Taped fragments are spun and cycled, frothing reverberation into garbled sequences of recognisable form before spasms reduce familiarity. The dark chambers crept through breath verminous streams of aural souvenirs, at times frowzy particles or strident strikes, perpetually attesting to the irregular rhythms like some stop motion nightmare. Objects rustle in corners, glinting with agglutinated dust and angular debris, providing a sound-holes more Euclidian than Pythagorean. While “Untitled Silver” is a dusty dark spread of shaved sound, contorted electronics, there is, in brief moments, melodic drones and tones that seem to thread their way via the aforementioned kaleidoscopic viewing holes like twines of argent wire.

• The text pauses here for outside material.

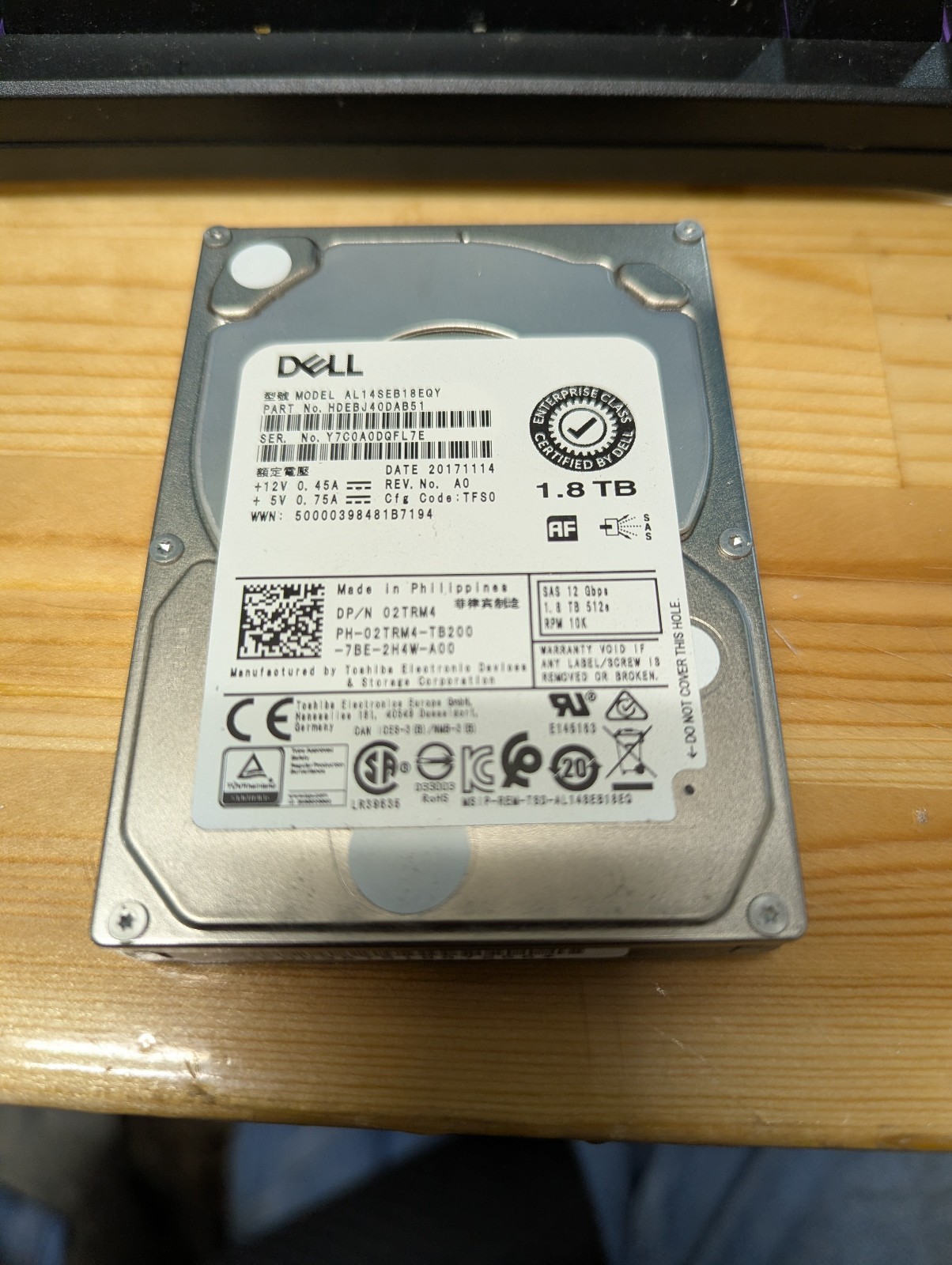 Dell 02TRM4 1.8TB 10K RPM 2.5" SAS HDD AL14SEB18EQY HDEBJ40DAB51 (NOT SATA)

As quite the conceptual presentation, “Untitled Silver” flows with nary noticeable marks tween the songs that could be noted as perceptible, with Mr S. suasions sinuously threading all 23 tracks favourably.
For a limited edition of 23 discs on CDr, the album has at least been succinctly stylised with a spray-painted silver slimcase cover with transparent title/liner notes information stuck to the cover. The CDr itself is a professionally duplicated disc with laser printing on its silvered face.